Why You Should Consider Buying an Electric Compact Wheel Loader
By now, anyone who uses compact equipment has probably caught wind of the push toward electric machines. If you’re unsure whether it’s right for your operation, you may be looking for some advice.
When it comes to compact wheel loaders (CWLs), there are three main reasons to consider going electric: operational benefits, environmental benefits and financial benefits. Let’s take a look at each.
Some people think an electric machine won’t have as much power as a diesel machine, but that’s just not true. There are brands whose electric model specifications match up with their diesel equivalents. More importantly, early users of electric compact wheel loaders have reported that they’ve experienced no drop in performance compared with a diesel machine.
There are even some ways electric machines outperform diesel models. One of those is the instant torque of electric. When the operator moves the joystick, the response is instantaneous rather than the slight delay that’s common with a diesel machine.
One of the best things about a CWL is its versatility due to its compatibility with multiple attachments, and electric versions are no different.

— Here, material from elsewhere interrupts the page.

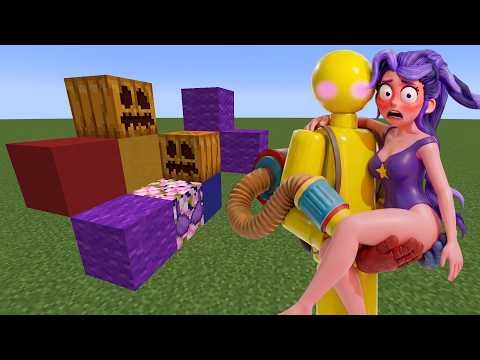 Poppy Playtime LILY LOVEBRAIDS X PLAYER 😍 Addon in Minecraft!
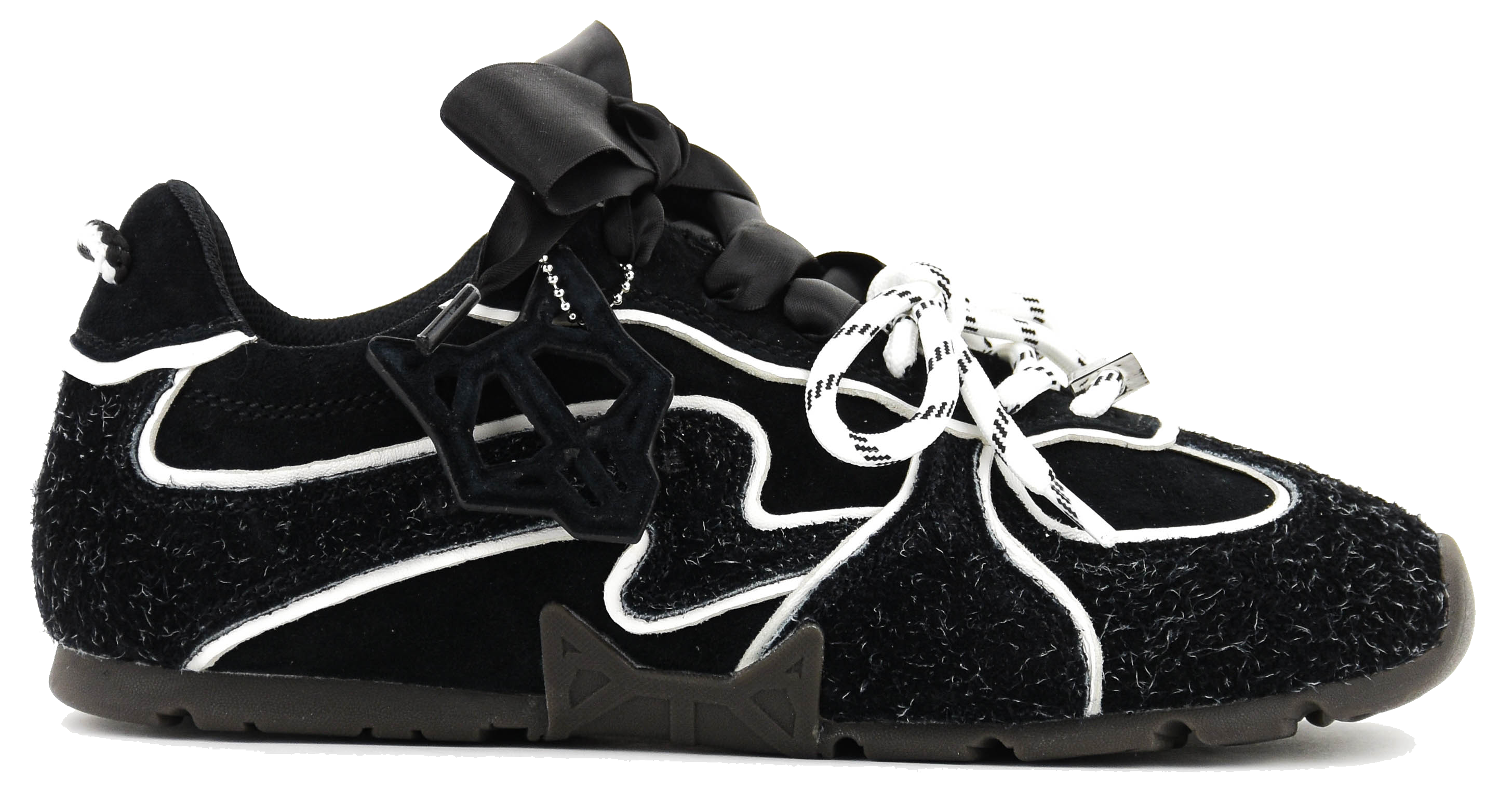 NAKED WOLFE ADORED BLACK HAIRY SNEAKER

We’ve also heard from operators that the reduced noise and vibration of electric machines makes jobsite communication easier and lessens fatigue.
Runtime is a common question about electric machines, but charging is not as complicated as you might think. Basically, the more power you can put into the machine, the faster it will charge — like filling your vehicle with a fuel pump versus a gas can.
For optimal charging time, it’s best to have a 240-volt, 32-amp Level 2 AC-charging setup that utilizes an SAE J1772 charging adapter or J plug. Before you get worried about the jargon, this is the same setup recommended for electric cars, and 240 volts is what many household appliances run on.
A regular 120-volt outlet should also work depending on the brand of the machine you have, but it will take longer. There are also options like off-board fast chargers and solar-powered chargers. And of course, research and development will provide a wider range of charging options in the coming months and years.
Runtime will vary based on the manufacturer, but the electric compact wheel loaders I’m most familiar with get several hours from a full battery in their most common applications. Another thing to consider is that an electric machine turns off when it’s not in use. So think about how much your diesel compact wheel loaders idle in an average shift versus doing actual work. That electric machine may have more than enough battery to get the job done in a single charge.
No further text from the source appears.